▶ Task prompt
Only those lines in the data below from the line containing "Basic Comical NC Character Set" through the line containing "Hip-hop punk rhinestone", both included, should be restated word for word.
══════════════════════════════
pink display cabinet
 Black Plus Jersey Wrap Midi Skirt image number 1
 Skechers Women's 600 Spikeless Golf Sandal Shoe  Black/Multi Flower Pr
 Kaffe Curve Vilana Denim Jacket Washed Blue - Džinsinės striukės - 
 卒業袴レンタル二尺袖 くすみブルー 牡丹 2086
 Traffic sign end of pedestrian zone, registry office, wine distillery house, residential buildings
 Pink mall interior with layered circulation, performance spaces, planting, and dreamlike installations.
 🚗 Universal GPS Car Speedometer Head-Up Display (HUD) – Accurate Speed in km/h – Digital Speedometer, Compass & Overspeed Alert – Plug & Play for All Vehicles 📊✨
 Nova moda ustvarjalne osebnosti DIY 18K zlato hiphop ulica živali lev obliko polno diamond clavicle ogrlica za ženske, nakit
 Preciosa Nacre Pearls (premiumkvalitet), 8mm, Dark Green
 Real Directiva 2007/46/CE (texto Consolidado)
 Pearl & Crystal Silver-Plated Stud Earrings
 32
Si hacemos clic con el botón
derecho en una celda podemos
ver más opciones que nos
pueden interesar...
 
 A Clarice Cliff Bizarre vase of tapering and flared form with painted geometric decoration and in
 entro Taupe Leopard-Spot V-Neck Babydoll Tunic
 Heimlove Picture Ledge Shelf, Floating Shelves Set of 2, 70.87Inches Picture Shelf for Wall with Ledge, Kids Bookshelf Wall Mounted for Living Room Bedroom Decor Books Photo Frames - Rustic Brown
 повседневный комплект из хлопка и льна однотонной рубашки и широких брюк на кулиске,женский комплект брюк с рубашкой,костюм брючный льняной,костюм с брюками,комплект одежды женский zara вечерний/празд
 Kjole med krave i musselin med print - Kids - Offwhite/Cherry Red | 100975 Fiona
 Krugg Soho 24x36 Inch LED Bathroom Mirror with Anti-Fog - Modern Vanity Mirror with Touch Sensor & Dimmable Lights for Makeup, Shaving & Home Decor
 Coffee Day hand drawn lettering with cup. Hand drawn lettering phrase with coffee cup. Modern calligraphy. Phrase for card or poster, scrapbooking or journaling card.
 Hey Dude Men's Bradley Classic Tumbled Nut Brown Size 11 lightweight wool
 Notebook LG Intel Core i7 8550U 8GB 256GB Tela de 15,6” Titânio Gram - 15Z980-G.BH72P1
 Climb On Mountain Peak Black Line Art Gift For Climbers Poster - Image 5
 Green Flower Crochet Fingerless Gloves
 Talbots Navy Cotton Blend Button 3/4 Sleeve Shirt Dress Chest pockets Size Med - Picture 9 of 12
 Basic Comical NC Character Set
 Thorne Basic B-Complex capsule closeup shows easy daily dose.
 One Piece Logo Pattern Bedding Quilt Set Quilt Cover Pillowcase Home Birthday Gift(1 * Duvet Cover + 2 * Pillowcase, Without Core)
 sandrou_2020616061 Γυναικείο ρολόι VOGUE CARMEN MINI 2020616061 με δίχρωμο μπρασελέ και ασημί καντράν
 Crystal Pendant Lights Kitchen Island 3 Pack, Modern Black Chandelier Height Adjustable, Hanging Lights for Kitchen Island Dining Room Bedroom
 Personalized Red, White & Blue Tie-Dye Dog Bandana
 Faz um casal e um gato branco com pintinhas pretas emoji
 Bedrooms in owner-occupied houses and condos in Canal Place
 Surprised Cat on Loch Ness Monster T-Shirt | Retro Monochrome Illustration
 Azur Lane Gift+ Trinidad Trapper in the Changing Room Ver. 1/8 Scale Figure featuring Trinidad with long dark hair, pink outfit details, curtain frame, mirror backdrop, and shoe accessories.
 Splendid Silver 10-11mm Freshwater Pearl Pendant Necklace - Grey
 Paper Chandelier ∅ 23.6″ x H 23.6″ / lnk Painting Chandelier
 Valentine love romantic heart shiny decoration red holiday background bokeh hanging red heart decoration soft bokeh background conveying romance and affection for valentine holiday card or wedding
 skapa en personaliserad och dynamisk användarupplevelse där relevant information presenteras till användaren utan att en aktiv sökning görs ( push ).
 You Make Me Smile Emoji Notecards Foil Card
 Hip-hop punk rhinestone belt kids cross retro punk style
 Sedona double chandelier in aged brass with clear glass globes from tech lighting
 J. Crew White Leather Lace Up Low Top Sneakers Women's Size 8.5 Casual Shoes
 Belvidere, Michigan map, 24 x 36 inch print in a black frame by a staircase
══════════════════════════════
▶ Task result
 Basic Comical NC Character Set
 Thorne Basic B-Complex capsule closeup shows easy daily dose.
 One Piece Logo Pattern Bedding Quilt Set Quilt Cover Pillowcase Home Birthday Gift(1 * Duvet Cover + 2 * Pillowcase, Without Core)
 sandrou_2020616061 Γυναικείο ρολόι VOGUE CARMEN MINI 2020616061 με δίχρωμο μπρασελέ και ασημί καντράν
 Crystal Pendant Lights Kitchen Island 3 Pack, Modern Black Chandelier Height Adjustable, Hanging Lights for Kitchen Island Dining Room Bedroom
 Personalized Red, White & Blue Tie-Dye Dog Bandana
 Faz um casal e um gato branco com pintinhas pretas emoji
 Bedrooms in owner-occupied houses and condos in Canal Place
 Surprised Cat on Loch Ness Monster T-Shirt | Retro Monochrome Illustration
 Azur Lane Gift+ Trinidad Trapper in the Changing Room Ver. 1/8 Scale Figure featuring Trinidad with long dark hair, pink outfit details, curtain frame, mirror backdrop, and shoe accessories.
 Splendid Silver 10-11mm Freshwater Pearl Pendant Necklace - Grey
 Paper Chandelier ∅ 23.6″ x H 23.6″ / lnk Painting Chandelier
 Valentine love romantic heart shiny decoration red holiday background bokeh hanging red heart decoration soft bokeh background conveying romance and affection for valentine holiday card or wedding
 skapa en personaliserad och dynamisk användarupplevelse där relevant information presenteras till användaren utan att en aktiv sökning görs ( push ).
 You Make Me Smile Emoji Notecards Foil Card
 Hip-hop punk rhinestone belt kids cross retro punk style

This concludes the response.